Stability analysis for cylindrical Couette flow of compressible fluids

A new analysis of basic Couette flow is based on an action principle for compressible fluids with a Hamiltonian as well as a kinetic potential. An effective criterion for stability recognizes the tensile strength of water. This interpretation relates the problem to capillary action and to metastable configurations (Berthelot's negative pressure experiment of 1850). We calculate the pressure and density profiles and find that the first instability of basic Couette flow is localized near the bubble point. This theoretical prediction has been confirmed by recent experiments. The theory is the result of merging the two versions of classical hydrodynamics, as advocated by Landau for superfluid helium II. In an inspired paper, Landau, L. ["Theory of the superfluidity of helium II," Phys.
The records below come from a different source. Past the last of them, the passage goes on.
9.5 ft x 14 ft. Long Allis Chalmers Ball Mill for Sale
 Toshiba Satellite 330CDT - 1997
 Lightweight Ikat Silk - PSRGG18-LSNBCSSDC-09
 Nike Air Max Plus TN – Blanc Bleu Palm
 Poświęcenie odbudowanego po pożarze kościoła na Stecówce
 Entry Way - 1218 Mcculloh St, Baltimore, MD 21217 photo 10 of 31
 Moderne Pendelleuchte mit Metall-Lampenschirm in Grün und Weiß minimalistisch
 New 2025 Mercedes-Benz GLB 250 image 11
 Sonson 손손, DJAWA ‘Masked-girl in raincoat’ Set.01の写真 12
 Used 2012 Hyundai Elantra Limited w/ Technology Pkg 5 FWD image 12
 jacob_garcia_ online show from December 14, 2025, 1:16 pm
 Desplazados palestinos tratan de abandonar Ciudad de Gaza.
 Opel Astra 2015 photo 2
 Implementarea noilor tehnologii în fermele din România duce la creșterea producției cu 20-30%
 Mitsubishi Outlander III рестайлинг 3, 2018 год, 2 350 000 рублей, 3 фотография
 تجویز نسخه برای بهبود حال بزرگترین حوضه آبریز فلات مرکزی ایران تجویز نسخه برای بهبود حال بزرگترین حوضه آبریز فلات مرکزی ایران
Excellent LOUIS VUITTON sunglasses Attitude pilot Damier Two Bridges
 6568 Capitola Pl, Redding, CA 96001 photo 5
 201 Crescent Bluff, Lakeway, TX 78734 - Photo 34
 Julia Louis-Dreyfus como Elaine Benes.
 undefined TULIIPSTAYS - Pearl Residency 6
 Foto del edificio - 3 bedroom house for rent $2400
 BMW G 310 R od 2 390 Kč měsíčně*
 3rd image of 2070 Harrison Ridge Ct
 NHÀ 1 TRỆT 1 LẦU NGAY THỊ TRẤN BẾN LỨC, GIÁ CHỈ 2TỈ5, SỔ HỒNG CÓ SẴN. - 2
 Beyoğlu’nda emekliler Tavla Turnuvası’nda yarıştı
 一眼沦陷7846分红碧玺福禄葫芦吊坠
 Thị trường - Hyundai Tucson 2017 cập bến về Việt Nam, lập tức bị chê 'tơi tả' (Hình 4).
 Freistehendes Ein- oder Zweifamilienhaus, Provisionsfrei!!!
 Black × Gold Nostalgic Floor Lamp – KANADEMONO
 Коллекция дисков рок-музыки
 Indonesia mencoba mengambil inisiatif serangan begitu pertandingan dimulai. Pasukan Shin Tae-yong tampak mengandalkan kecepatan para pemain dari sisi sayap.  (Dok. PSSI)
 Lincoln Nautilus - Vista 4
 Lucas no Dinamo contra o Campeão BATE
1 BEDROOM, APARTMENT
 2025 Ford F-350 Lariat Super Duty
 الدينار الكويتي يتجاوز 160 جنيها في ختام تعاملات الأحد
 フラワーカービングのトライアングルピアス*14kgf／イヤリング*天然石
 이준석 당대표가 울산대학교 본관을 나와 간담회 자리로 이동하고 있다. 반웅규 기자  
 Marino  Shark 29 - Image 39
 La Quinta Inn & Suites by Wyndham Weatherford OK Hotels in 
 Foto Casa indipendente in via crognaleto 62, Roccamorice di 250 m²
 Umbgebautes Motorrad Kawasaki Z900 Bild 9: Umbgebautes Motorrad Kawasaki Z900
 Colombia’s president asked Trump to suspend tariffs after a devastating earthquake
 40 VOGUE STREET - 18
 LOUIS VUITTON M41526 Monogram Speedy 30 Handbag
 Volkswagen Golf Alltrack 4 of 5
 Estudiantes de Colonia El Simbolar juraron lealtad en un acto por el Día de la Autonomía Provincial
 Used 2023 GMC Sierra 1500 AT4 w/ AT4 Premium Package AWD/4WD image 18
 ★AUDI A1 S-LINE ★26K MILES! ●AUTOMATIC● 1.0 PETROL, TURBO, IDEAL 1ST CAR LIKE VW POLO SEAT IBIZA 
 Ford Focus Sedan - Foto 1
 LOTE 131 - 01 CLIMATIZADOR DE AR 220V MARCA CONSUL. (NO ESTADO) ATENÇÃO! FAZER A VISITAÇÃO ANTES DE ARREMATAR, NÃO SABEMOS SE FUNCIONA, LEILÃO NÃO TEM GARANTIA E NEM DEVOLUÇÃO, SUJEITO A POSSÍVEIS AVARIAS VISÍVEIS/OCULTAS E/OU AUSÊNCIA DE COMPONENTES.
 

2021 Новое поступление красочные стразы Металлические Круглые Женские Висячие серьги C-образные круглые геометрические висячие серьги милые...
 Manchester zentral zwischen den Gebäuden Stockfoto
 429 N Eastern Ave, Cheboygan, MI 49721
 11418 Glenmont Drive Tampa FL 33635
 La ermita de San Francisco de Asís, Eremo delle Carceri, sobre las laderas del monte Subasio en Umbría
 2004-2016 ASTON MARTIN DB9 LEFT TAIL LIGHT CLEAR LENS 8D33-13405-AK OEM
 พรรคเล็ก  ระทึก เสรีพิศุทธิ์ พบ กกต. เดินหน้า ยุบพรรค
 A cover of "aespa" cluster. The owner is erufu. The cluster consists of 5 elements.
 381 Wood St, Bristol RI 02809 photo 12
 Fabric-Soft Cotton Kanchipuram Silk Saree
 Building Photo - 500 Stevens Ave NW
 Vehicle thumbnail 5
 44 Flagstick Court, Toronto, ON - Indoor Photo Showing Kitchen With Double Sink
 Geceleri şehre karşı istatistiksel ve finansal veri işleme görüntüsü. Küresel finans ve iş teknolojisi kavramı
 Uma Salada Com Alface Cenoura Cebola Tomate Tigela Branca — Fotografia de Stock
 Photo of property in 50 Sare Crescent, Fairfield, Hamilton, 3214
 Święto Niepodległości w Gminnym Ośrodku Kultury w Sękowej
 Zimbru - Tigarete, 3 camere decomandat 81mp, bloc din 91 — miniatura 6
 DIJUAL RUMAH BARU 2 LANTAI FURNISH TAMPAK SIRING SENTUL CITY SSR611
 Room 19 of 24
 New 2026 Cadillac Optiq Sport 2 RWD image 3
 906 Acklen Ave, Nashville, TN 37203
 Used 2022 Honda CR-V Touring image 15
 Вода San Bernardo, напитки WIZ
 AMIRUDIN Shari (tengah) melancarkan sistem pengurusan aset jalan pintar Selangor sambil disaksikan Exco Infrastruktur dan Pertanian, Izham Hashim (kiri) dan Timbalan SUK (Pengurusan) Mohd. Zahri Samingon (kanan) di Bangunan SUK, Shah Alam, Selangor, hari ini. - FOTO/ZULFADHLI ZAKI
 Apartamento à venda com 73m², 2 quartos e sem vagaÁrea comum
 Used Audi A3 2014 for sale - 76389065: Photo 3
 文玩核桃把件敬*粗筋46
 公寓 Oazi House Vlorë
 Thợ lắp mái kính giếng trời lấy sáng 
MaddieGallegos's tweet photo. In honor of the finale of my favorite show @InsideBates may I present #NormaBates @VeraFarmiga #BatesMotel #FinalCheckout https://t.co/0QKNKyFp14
Rev. 60, 356-358 (1941)] introduced the idea of two independent flows, "phonons" and "rotons," with strong emphasis on the idea that there is only one kind of fluid. The dynamical variables include two flows but only one density variable. In this paper, two-flow dynamics is created by merging two actions, neither by choosing between them nor by combining the two vector fields as in the Navier-Stokes equation. At rest, as contributions to the mass flow, they cancel, but a non-zero kinetic energy, kinetic potential, and non-zero angular momentum remain, and are manifest as liquid tension, as it is well known to exist through the observation of the meniscus and configurations with negative pressure. The immediate effect of merging the two versions of classical hydrodynamics in a unique theory based on an action principle is to provide a Hamiltonian and a kinetic potential for compressible fluids with rotational flow. This theory gives a very satisfactory characterization of the limit of stability of the most basic Couette flow. The inclusion of a vector field that is not a gradient has the additional effect of introducing spin, which explains a most perplexing experimental discovery: the ability of frozen helium to remember its angular momentum (spin).